第19章 九泉无恨(四)
十二、云舒病了
半个月以后。诛心阁。
“郎君,这是蓉娘托我转交给你的。”子煜递给子夜一个黑色瓷瓶,疑惑地问:“我不明白,为什么一定要让她采来九百九十九滴玫瑰花的晨露?你不觉得这样对她太过残忍了吗?”
子夜打开瓶盖,一股诱人的玫瑰清香扑鼻而来。他一边细嗅着香气,一边解释说:“这世上金银易得,真心难求。若是她连这点波折都克服不了,那也不值得我们为她走这一遭了。”
“所以,郎君这样做是为了考验她找回小宝的真心?”
“嗯。也不全是。”子夜盖上瓶盖,小心地将它装进怀中,漫不经心地说:“我确实也需要这样一瓶玫瑰花的晨露做香料用。”
子煜叹服道:“郎君啊郎君!你果真是不做赔本的买卖啊!”
子夜双眼直勾勾地盯着他,却不说一句话。子煜被他盯得心里直发毛,凭直觉,每当他这样盯着他的时候都没什么好事。子煜退后一步,弱弱地问:“郎君,你……你这样瞧着我做什么?”
子夜悠悠地说:“我观你近日心神不宁,神色恍惚,似是有什么心事。”
“我……我能有什么心事?我没事,没事儿!”子煜眼神闪烁,一副心虚的样子。
子夜却步步紧逼,继续说:“我猜,你之所以这样,是因为担心一个人。”
“谁?”
“那个人最近生了一场大病——”
子煜愣了一下,随即故意做出事不关己的样子,大声道:“笑话!我跟云舒那个丫头非亲非故的,我担心她做什么?”

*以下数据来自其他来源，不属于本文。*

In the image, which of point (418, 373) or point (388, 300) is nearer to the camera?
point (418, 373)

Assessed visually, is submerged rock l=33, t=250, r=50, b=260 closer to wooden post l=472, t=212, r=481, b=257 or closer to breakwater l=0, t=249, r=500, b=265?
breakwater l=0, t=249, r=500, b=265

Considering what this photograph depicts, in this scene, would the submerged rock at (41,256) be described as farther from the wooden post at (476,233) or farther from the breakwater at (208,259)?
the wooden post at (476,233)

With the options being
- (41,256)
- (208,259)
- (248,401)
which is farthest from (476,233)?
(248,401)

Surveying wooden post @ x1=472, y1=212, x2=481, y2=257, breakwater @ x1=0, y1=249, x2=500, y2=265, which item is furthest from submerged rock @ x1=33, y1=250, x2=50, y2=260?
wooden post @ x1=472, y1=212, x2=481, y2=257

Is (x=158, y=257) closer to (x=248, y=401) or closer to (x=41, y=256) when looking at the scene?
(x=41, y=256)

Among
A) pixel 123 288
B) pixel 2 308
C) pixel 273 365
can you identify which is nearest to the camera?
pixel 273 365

“方才我可没说那人是云舒。”子夜嘴角微微上扬,露出一种计谋得逞的坏笑。
“郎君——”子煜知道自己中计,撅起嘴,生气地说:“你又拿我寻开心!”
子夜收起笑容,一本正经地说:“既然你如此挂心于她,我也不忍看你忧思成疾。那么,我便陪你走一趟吧!”
“去哪儿?”
“醉林。”
子煜急忙解释道:“郎君,我真的不是担心云舒,我——”
“解释就是掩饰。”子夜同情地拍拍他的肩,“不必多说,我们现在就出发吧。”说完他便扬长而去。

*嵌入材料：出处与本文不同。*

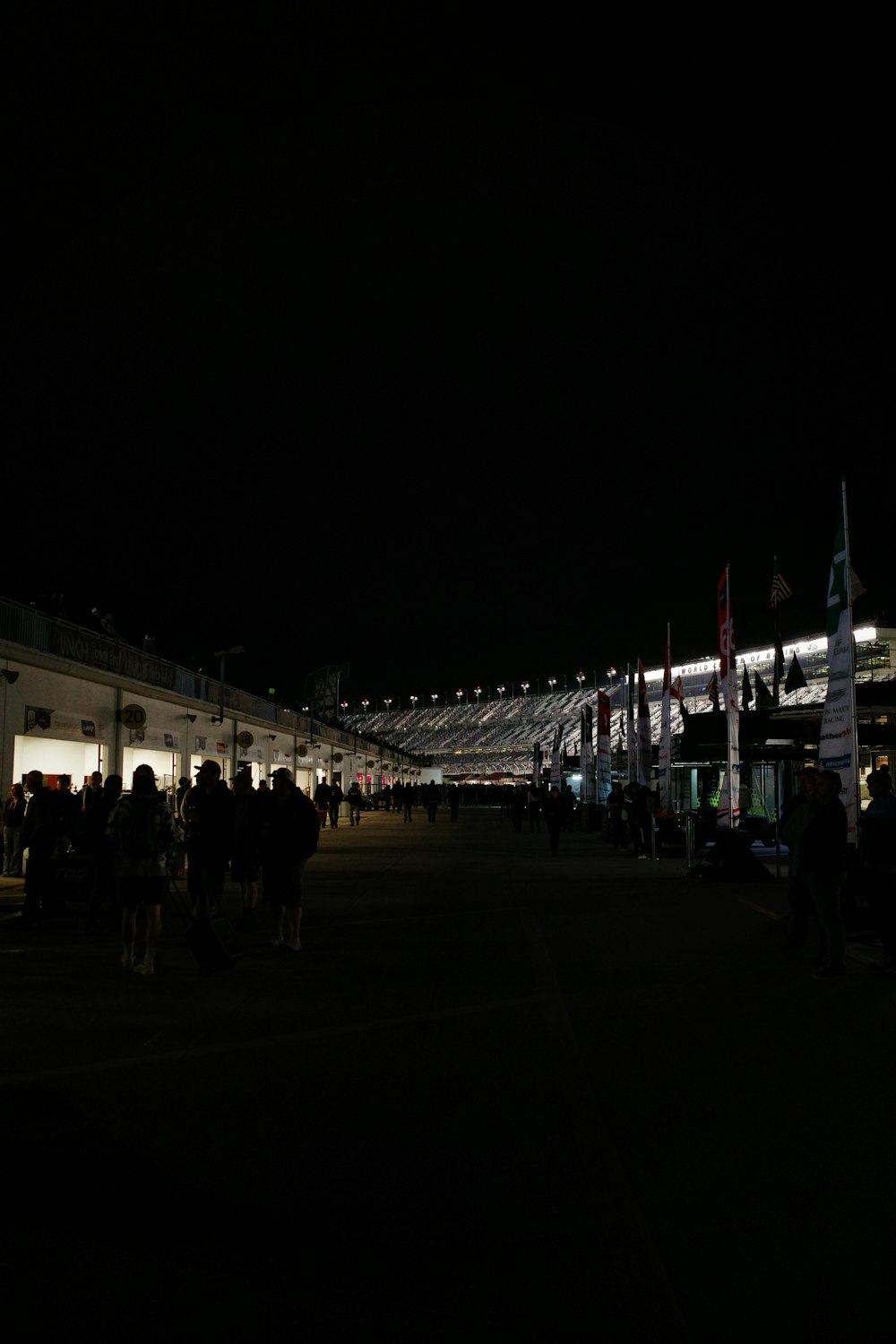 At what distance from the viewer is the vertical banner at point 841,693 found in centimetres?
1363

“我真的不是——”子煜只觉百口莫辩,“郎君,等等我——”
‥
二人坐上船以后,子煜思来想去,觉得最近自己的确是有些心不在焉。不知为什么,他脑海里总会浮现起那日安凌自杀后,云舒悲痛欲绝乃至晕倒过去的情景。他没有料到,那丫头平日里看起来一副大大咧咧、不拘小节的样子,竟也会这般重情重义。这些日子里,他总是忍不住去想,她到底好些了没有?她有没有恢复往日的活泼与好动?她有没有走出失去安凌的痛楚?从小到大,除了郎君,他还是第一次这么在乎另一个人。子煜不明白,明明他和她每次都是互相斗嘴,总是不欢而散,明明他很讨厌她,可是,为什么自己的心却总会不由自主地想到她?他越想头越昏,于是,他决定暂且先不去想这些烦心的事情。

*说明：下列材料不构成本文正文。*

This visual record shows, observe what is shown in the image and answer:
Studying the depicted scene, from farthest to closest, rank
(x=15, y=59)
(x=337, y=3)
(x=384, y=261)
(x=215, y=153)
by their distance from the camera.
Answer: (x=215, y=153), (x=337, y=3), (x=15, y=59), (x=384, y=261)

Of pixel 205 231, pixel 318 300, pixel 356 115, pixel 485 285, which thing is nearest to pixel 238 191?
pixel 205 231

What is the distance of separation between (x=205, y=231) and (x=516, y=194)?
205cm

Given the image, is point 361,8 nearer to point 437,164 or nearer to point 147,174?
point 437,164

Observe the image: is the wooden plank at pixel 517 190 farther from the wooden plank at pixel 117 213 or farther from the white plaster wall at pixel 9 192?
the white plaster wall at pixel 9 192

子煜看了一眼坐在一旁静默不语的子夜,他看起来一脸轻松的样子,似乎心情不错。他用怀疑的眼神上下打量着子夜,心想:“这个郎君,明明说好是陪我一起来醉林的,怎么看起来他好像比我还高兴呢?这醉林里,有什么值得让他这么高兴的吗?嗯……我家郎君,最近有点反常呐!”忽然,他想起有一次子夜对着浮生的脸久久凝视,“莫非——郎君是为了去见她?”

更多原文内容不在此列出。